# A Beer Machine, A Coopers Can Kit And Brewing Process



## okolicsa (11/10/11)

Hi All,

I am a new here and this is my 1st post, so please take it easy on me (my head is already spinning with information I have beer reading on here). After 3 week of reading things on this forum, and coming up to my second brew, I thought it was time I asked some questions. So here goes:

I received 'The Beer Machine' as a birthday gift and made my first brew using the Pilsner kit that came with it (now just about gone ). So I thought it was time to investigate my next brew for which I decided to go for the Coopers Australian Pale Ale kit to make the Coopers Pale Ale from their site while I slowly build up my knowlidge. I intend to use The Beer Machine again for this ( and for the rest of the year, to get some return onto it) and use the same process as with the Pilsner, but this time follow the '1, 2, 3' process, but without going to a secondary. e.g.:
1 week - fermentation (or until I get 2 consecutive reading over 2 days)
1-2 weeks - put the beer machine in the fridge for clarification (the pilsner took 2 weeks to clarify). I hope that this will work and I don't have to add something else to it to clarify the beer like finings (hope this is the right term).
3 weeks - put the beer into a party (5L) kegs that I have around for priming and keg carbonating (have got some bungs for them also). The beer machine tap has a float inside which should help me with siphoning above the yeast cake. 

Now for the questions:
1) The coopers can kit comes for a 23L volume. I intend to split this, and other ingredients in 2 (as the Beer Machine is only 10L) but not sure about the yeast? I found a yeast calculator on here which showed I should probably use half (5grams) based on og and volume, but my local homebrew store told me I will need another packet if I inter to split the can in 2.
2) If I put the beer machine in the fridge for 2 weeks (or until its clear), can I still prime with casting sugar for keg carbonation? Or will the yeas be completely dead and thus not carbonate. I intend to then leave the kegs out at room temperature.
3) The beer machine holds between 10-15psi pressure when fermenting and in the fridge, which I believe carbonates the beer. Will this affect the amount of sugar I use for priming in a keg?
4) Any general comments are welcome?

Thanks


----------



## adryargument (11/10/11)

1) Half, with the 2nd hand malt once you have opened it - boil it to make sure that no nasties are in it.
2) Yes, however the yeast will just multiply and become kind of cloudy again, cold condition last. Cold condition the keg...
3) Possibly, but its not like a kegs going to explode like a bottle. Test it.
4) Starting to craft brew with a beer machine?? Awesome. At least its something different.


----------



## okolicsa (12/10/11)

adryargument said:


> 1) Half, with the 2nd hand malt once you have opened it - boil it to make sure that no nasties are in it.
> 2) Yes, however the yeast will just multiply and become kind of cloudy again, cold condition last. Cold condition the keg...
> 3) Possibly, but its not like a kegs going to explode like a bottle. Test it.
> 4) Starting to craft brew with a beer machine?? Awesome. At least its something different.

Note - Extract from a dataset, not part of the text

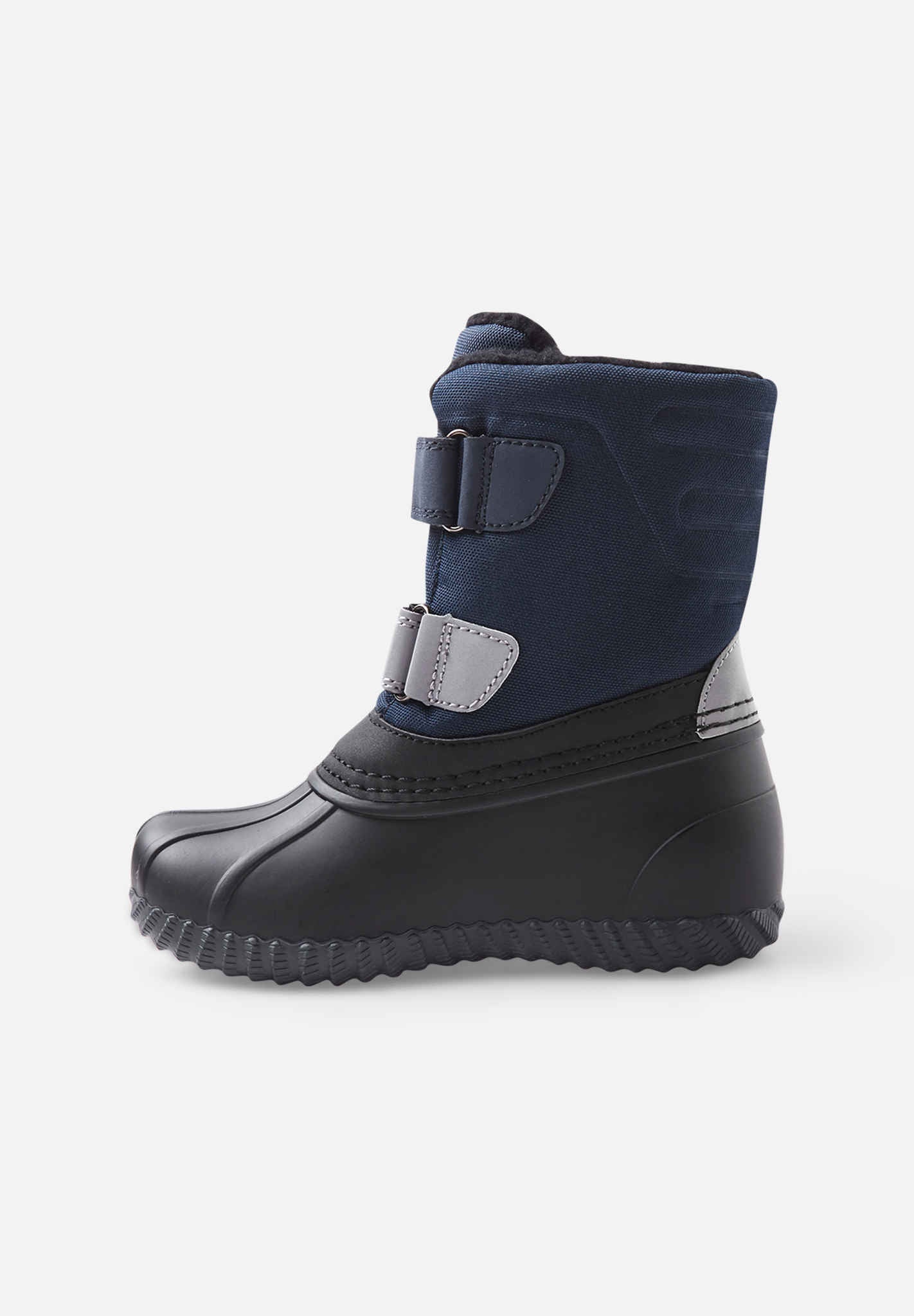 Kleinkinder Winterstiefel Lumisin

Hmm, some interesting points there adryargument and my apologies for the bad english above (I was in a hurry to get out of the office  ). 
1) Just out of curiosity if you boil the caned malt does it change it in any way? Make it darker, etc..... (I was planing on just putting foil and the lid back on and storing it in the fridge)
2) Is there any point in me moving the beer machine into the fridge prior to keging? I was hoping it will make the beer a bit more clear by following the mentioned process. Based on your reply, I could just leave it outside for 3 weeks for the yeast cake to form and then keg prime and later fridge. (hmm having a DR Karl moment, might be time for an experiment)


----------



## stux (12/10/11)

1) repasteurize the 2nd half of the ingredients before using. Coopers tins only come with 7 grams of yeast, which is just about the right amount for 15L or so. I'd probably just pitch the whole yeast into the first batch. You can then use a different yeast/adjuncts/hops for the second batch

2) there sHould be enough yeast but t might take longer to carbonate. Fwiw I cold crash my fermented before kegging, which is similar to what you want to do. An alternative would be to get a coopers DIY beer kit, you can then ferment a full batch in the fermented and 'bottle' into your beer machine and two mini kegs. You should be able to add the priming sugar to the beer machine and carbonate and then have the benefit of the tap with no residual primary trub

3) ummm

4) see point 2


----------



## adryargument (13/10/11)

inexus said:


> Hmm, some interesting points there adryargument and my apologies for the bad english above (I was in a hurry to get out of the office  ).
> 1) Just out of curiosity if you boil the caned malt does it change it in any way? Make it darker, etc..... (I was planing on just putting foil and the lid back on and storing it in the fridge)
> 2) Is there any point in me moving the beer machine into the fridge prior to keging? I was hoping it will make the beer a bit more clear by following the mentioned process. Based on your reply, I could just leave it outside for 3 weeks for the yeast cake to form and then keg prime and later fridge. (hmm having a DR Karl moment, might be time for an experiment)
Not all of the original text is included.